Wilhelms II. Image des Arbeiterkaisers abträglich waren vor allem die "Umsturzvorlage" von 1894 und die "Zuchthausvorlage" von 1899. Terroristische Anschläge auf den italienische Ministerpräsidenten Francesco Crispi und den französischen Staatspräsidenten Sadi Carnot, der bei dem Attentat starb, veranlaßten Wilhelm II., eine Verschärfung des Vereins- und Versammlungsrechts sowie des Presserechts zu fordern, um auf diese Weise die politische und gewerkschaftliche Tätigkeit der Arbeitervereine zu beschränken. Die "Umsturzvorlage" scheiterte an der Befürchtung der Liberalen, daß ihre Bestimmungen sich nicht nur gegen die Arbeiterbewegung richten könnten. Der Entwurf eines "Gesetzes zum Schutz der gewerblichen Arbeitsverhältnisse" fand ebenfalls keine Mehrheit im Reichstag. Nur die Konservativen stimmten ihm zu. Ihren Namen verdankte die Zuchthausvorlage Wilhelm II., der 1898 bei einer Galatafel in Bad Oeynhausen ein Gesetz angekündigt hatte, wonach "jeder - er möge sein, wer er will, und heißen, wie er will -, der einen deutschen Arbeiter, der willig ist, seine Arbeit zu vollführen, daran zu hindern versucht oder gar zu einem Streik anreizt, mit Zuchthaus bestraft werden soll."

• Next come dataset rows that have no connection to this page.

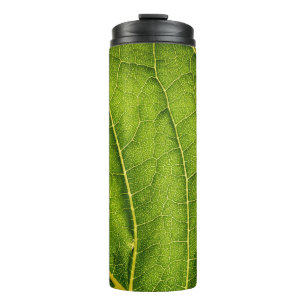 Bouteilles Isothermes Feuille verte
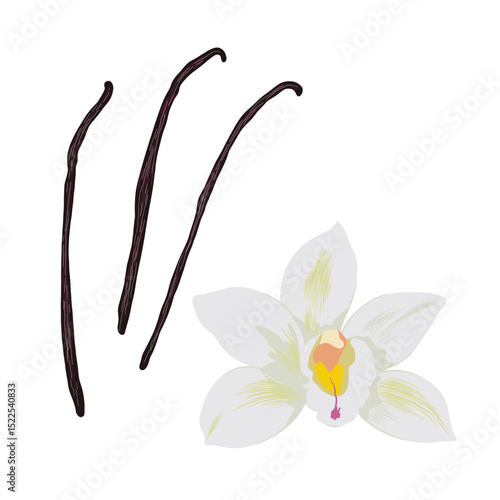 Vanilla vector illustration on white background aromatic spice plant design
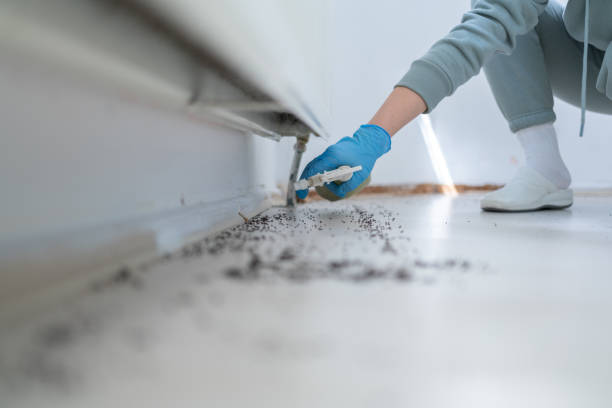 Best Bed Bug Extermination  in Commerce, TX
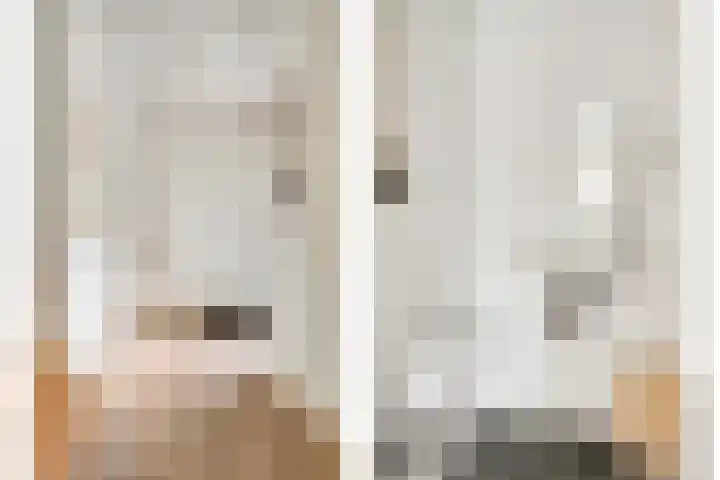 Baroniestraat 1 Chaam thumbnail 5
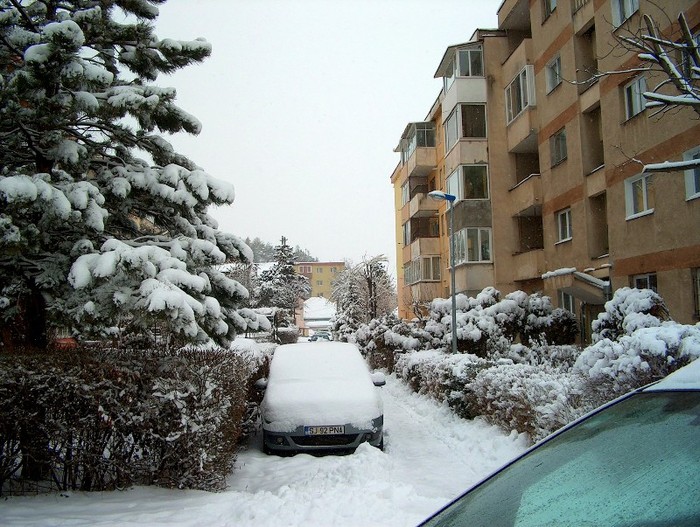 BRASOV 25-01-2012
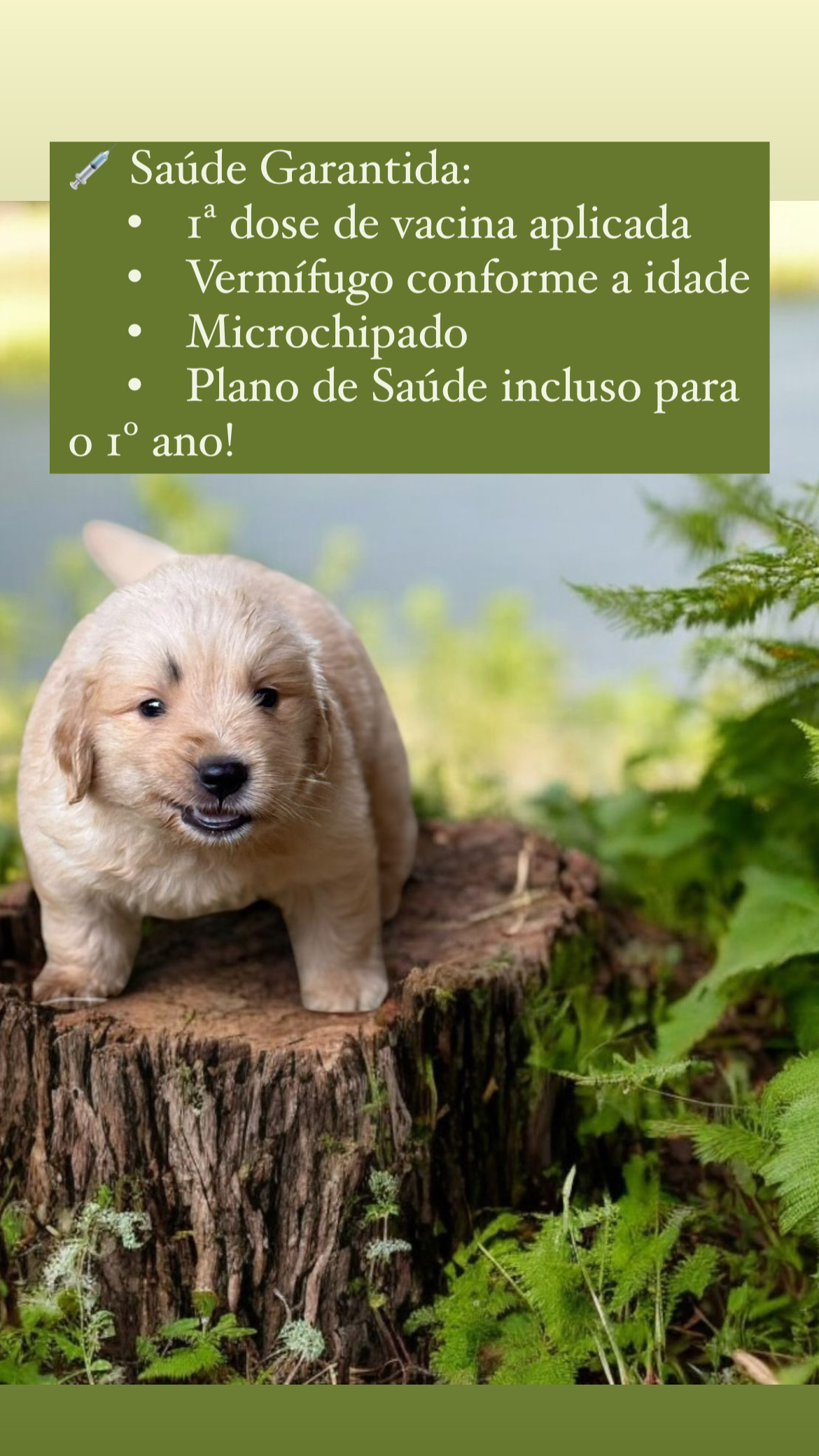 Portal Vendocão Lindos filhotes de Golden Retriever São José 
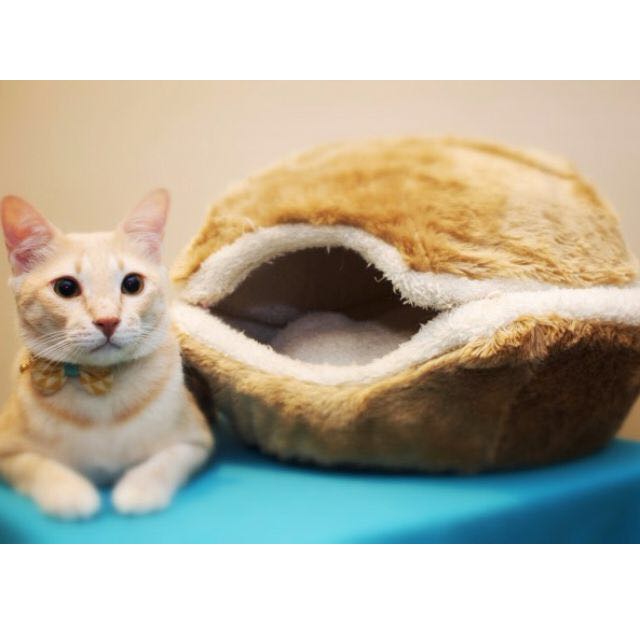 Cat macaron bed 2025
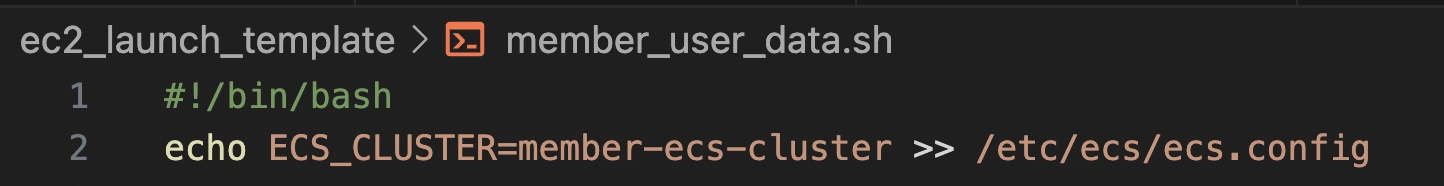 user_data 코드
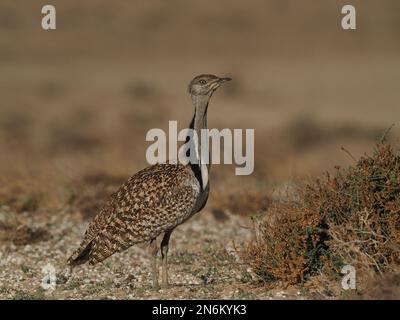 Houbara bustard are an endangered species, these images were obtained from a car on tracks the public may drive along. Stock Photo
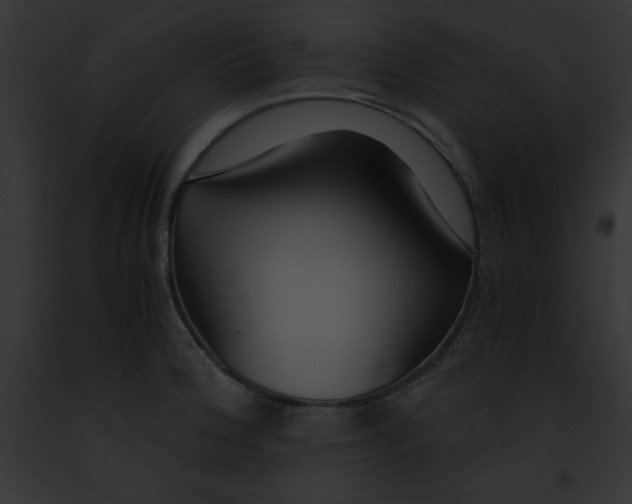 X0000091861188200710031034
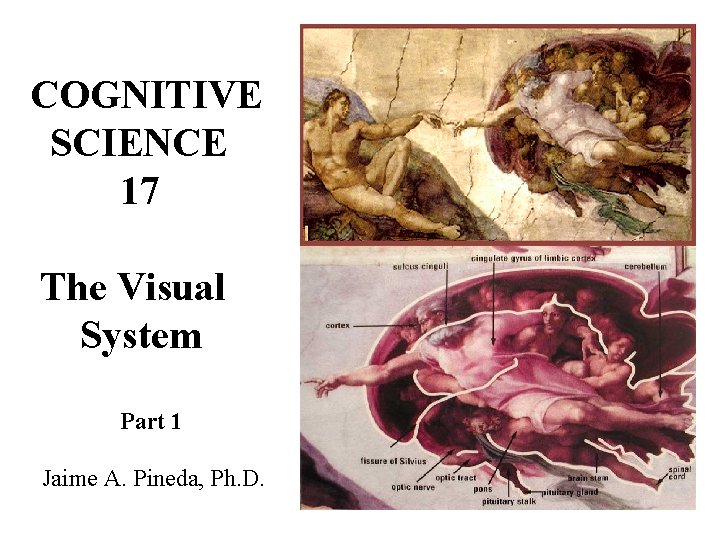 COGNITIVE SCIENCE 17 The Visual System Part 1 Jaime A. Pineda, Ph. D. 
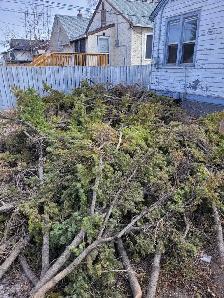Tree cutting hauling reasonable price 780 884 7800 884 7800 - Photo 6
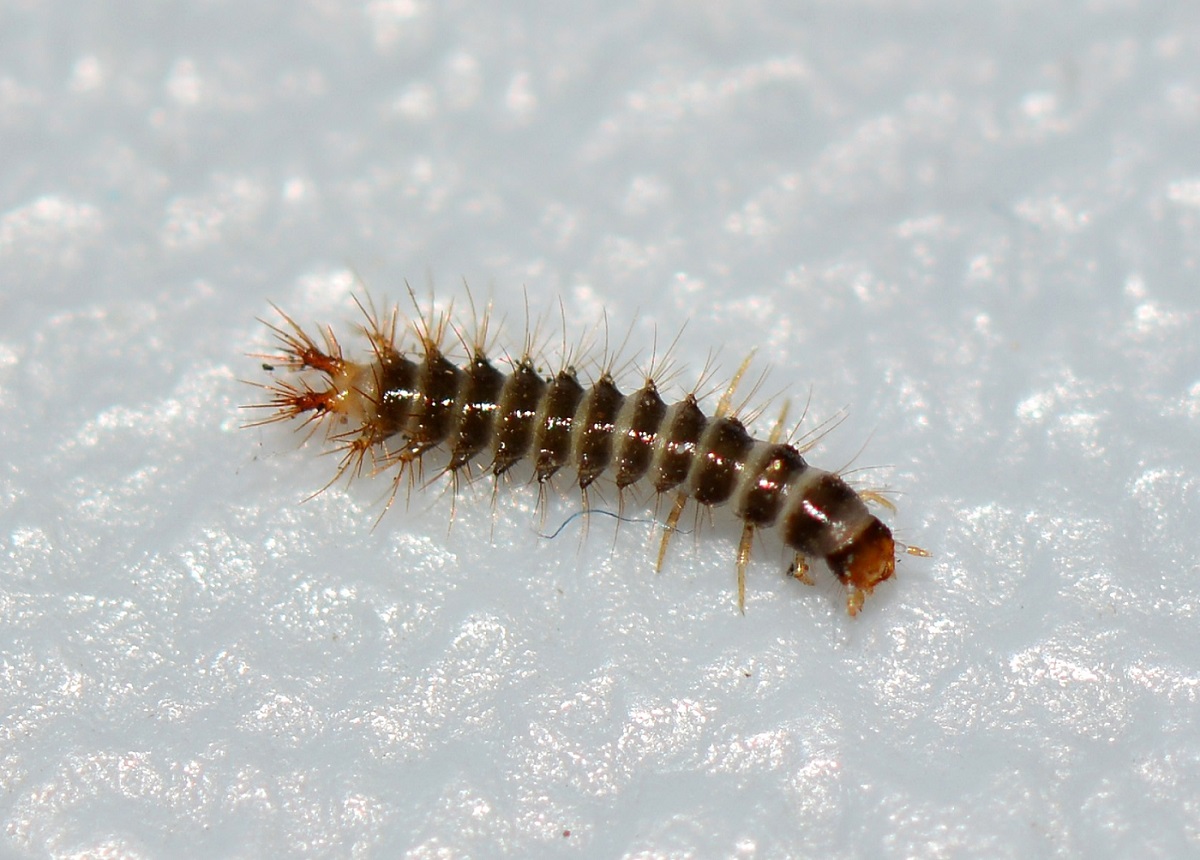 Larva di Drilidae ?  S, di Drilus sp.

Mit solchen Gesetzen hoffte der Kaiser, die sozialdemokratisch dominierte Arbeiterbewegung zu zerstören. Sozialdemokraten waren für ihn "Reichs- und Vaterlandsfeinde", eine "revolutionäre Pest", "die", so erklärte er 1897, "ausgerottet werden müßte bis auf den letzten Stumpf". Und schon 1891 hatte er in einer aufsehenerregenden Rede bei der Rekrutenvereidigung der Garderegimenter in Potsdam gesagt: "Bei den jetzigen sozialistischen Umtrieben kann es vorkommen, daß Ich euch befehle, eure eignen Verwandten, Brüder, ja Eltern niederzuschießen - was ja Gott verhüten möge -, aber auch dann müßt ihr Meine Befehle ohne Murren befolgen." Diese und andere Reden erwiesen Wilhelm immer wieder als Geistesverwandten Bismarcks. Und die Sozialpolitik von Kaiser und Kanzler entsprang wohl ebenfalls ähnlichen Gedanken, die eine Resolution des SPD-Parteitages von 1892 zu erklären versuchte: "Der sogenannte Staatssozialismus, insoweit er sich mit Sozialreform oder Verbesserung der Lage der arbeitenden Klassen beschäftigt, ist ein System von Halbheiten, das seine Entstehung der Furcht vor der Sozialdemokratie verdankt. Er bezweckt, durch kleine Konzessionen und allerlei Palliativmittel die Arbeiterklasse der Sozialdemokratie zu entfremden und diese dadurch zu lähmen."

Wilhelms II. Wunsch, die Sozialdemokratie zu zerstören, erfüllte sich nicht, und beim Regierungsjubiläum des Kaisers höhnte der "Vorwärts" in seiner Ausgabe vom 16. Juni 1913: "Der 'vorübergehenden Erscheinung' der Sozialdemokratie ... hat Wilhelm II. bittere Fehde geschworen, zerschmettern möchte er sie am liebsten, und sie wächst, blüht und gedeiht, sie hat rote Backen und pralle Muskeln und sieht aus wie das ewige Leben, und das Tragischste ist: Jede der vielumstrittenen Reden des Kaisers hat ihr Tausende neuer Anhänger zugetrieben. Die Blitze, mit denen Jupiter unsere Köpfe treffen wollte, haben nur unzählige neue Köpfe erleuchtet.

Darum feiern wir, dankbaren Herzens, doch mit! Millionen 'viele Millionen vorübergehender Erscheinungen' grüßen den Träger heute mit dem Ruf: Es lebe die Republik!"